The House Cracks the Ice. Will the SEC Sail Through with Municipal Advisor Rules?
Just who is and is not regulated under changes made to federal securities law by the Dodd Frank Act as a "municipal advisor" and consequently a fiduciary to their clients has concerned many since the Securities and Exchange Commission released proposed rules employing an aggressively broad interpretation in December 2010. For those frozen in this grey zone of regulatory ambiguity, the ice may finally be cracking. Last night the House of Representatives passed H.R. 2827, a bill amending provisions of the Securities Exchange Act of 1934 to clarify the regulation of municipal advisors. Earlier last week the House Committee on Financial Services passed the same bill with bi-partisan unanimity in a 60-0 vote. Likelihood that the bill will become law in the brief time before the current Congress ends is slim, but not out of the question.
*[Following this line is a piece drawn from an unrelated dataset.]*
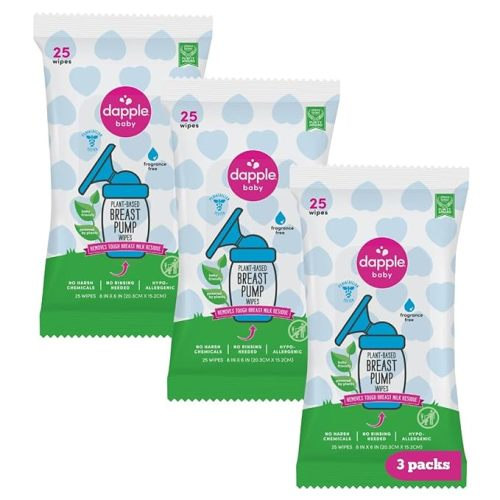 Breast Pump Wipes by Dapple Baby, 25 Count (Pack of 3), Fragrance Free, Plant Based & Hypoallergenic Breast Pump Wipes - Removes Milk Residue, Leaves No Taste - Convenient Wipes Pouch - Unscented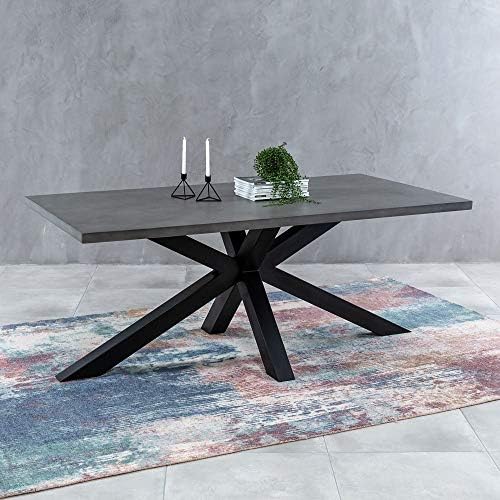 The Furniture Market Industrial Concrete Medium 1.9m Starburst Dining Table – 6 to 8 Seater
Much more likely, the bipartisan nature of the House vote may encourage the Securities and Exchange Commission to move forward with its long-delayed final rules on municipal advisors.
Key features of H.R. 2827:
- narrow the definition of municipal advisors to parties engaged for compensation;
- restrict application of the existing fiduciary duty to activities pursuant to the engagement; and
- clarify covered activity by exempting certain activities of nine different categories of professionals.